DES MOINES, Iowa _ Hillary Clinton didn't want to leave anything to chance when she arrived here for a rally on the first day of early voting in Iowa. Her campaign stationed volunteers around her downtown rally to direct members of the audience to nearby polling places to submit their ballots.
"When you finish here, you can go vote," she told the crowd of roughly 2,000. "We can be on the path to victory here in Iowa."
President Barack Obama won Iowa in 2008 and 2012, but Clinton is trailing Donald Trump in the state, lagging 5 percentage points behind in a RealClearPolitics average of polls.
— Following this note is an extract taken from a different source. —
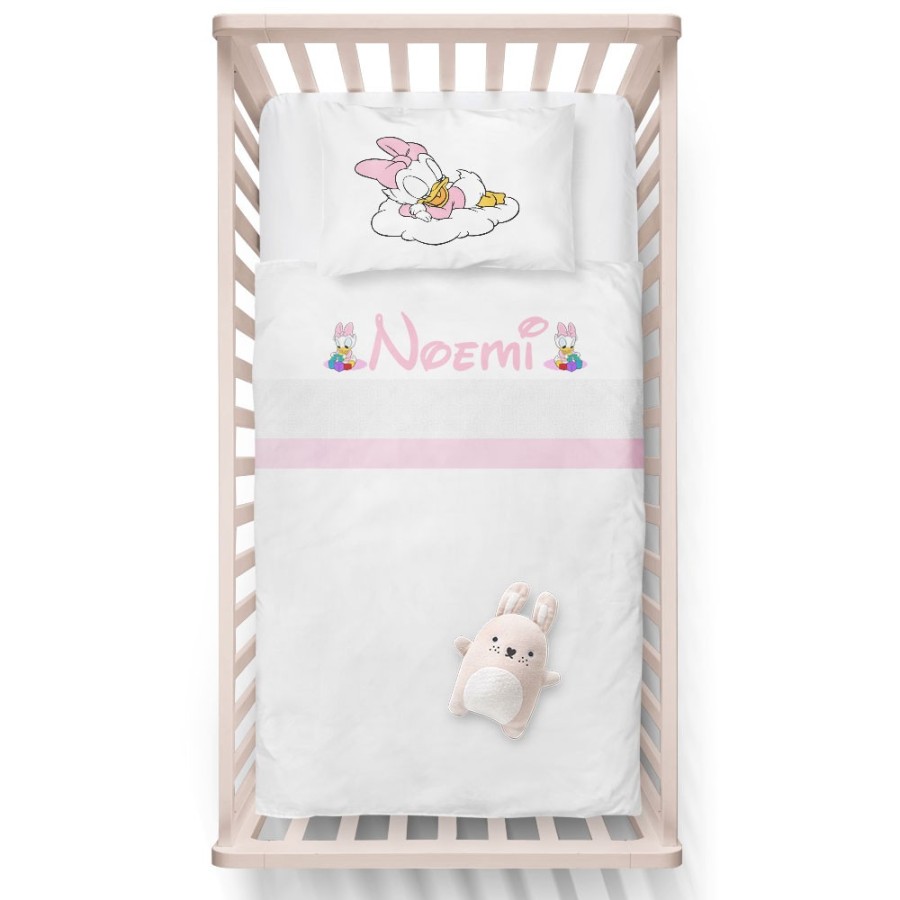 Lenzuola culletta e carrozzina personalizzata con nome baby paperina Cartoon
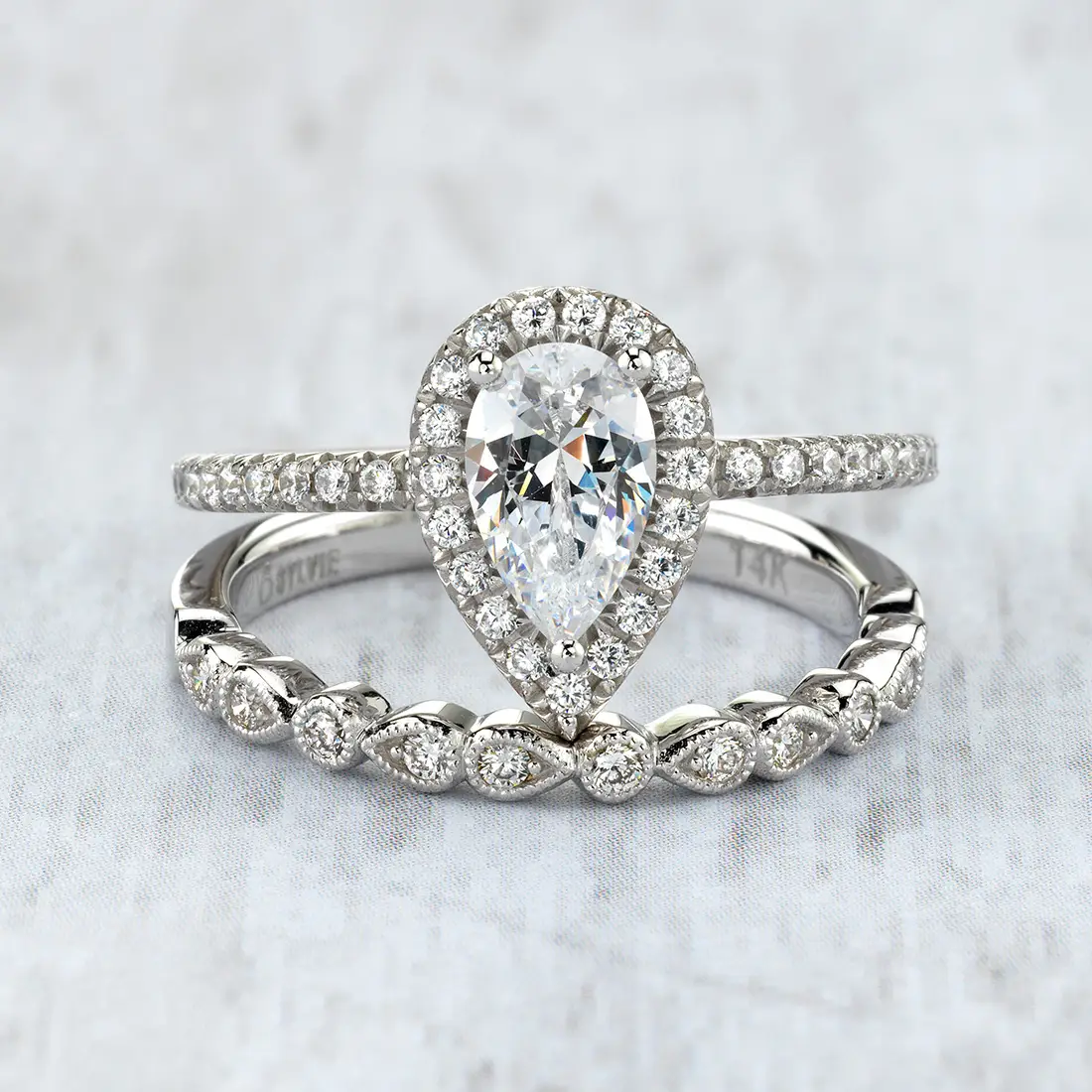 White Gold Pear Shaped Classic Halo Engagement Ring - Vivian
She hopes voting early can give her campaign an edge, but mail ballots haven't kept pace with previous elections.
About 54,000 Democrats had requested absentee ballots as of Friday, according to the Iowa secretary of state's office. That's far more than Republican voters, but about half of what Democratic voters requested at this point four years ago. Democrats rely on early voting more than Republicans in this state.
Nationwide, early voting could play a larger role in the campaign, said Michael McDonald, a political science professor at the University of Florida who runs the Elections Project. The earliest ballots could be cast was in North Carolina, where residents could vote by mail as soon as Sept. 9.
"The volume of early voting is going to be very high in a number of states," he said.
Census data show 30 percent of voters cast ballots before election day in 2008, and 32 percent in 2012. McDonald estimates about 34 percent will do the same this year as the method becomes more popular and widely available.
David Chico, 64, has been going door to door and working the phones for the Clinton campaign to get more early voters in Iowa.
"It's more convenient," he said, and ensures the ballot gets cast even if someone runs into a scheduling conflict on Election Day.
Joanne Peterson, 59, has already filled out her absentee ballot and mailed it in for Clinton. She likes the "comfort level it gives the party" _ she's one fewer person the campaign needs to spend precious resources on to ensure she votes.
"The more people that have voted, the better," she said. "It's a boost of energy. I try to help."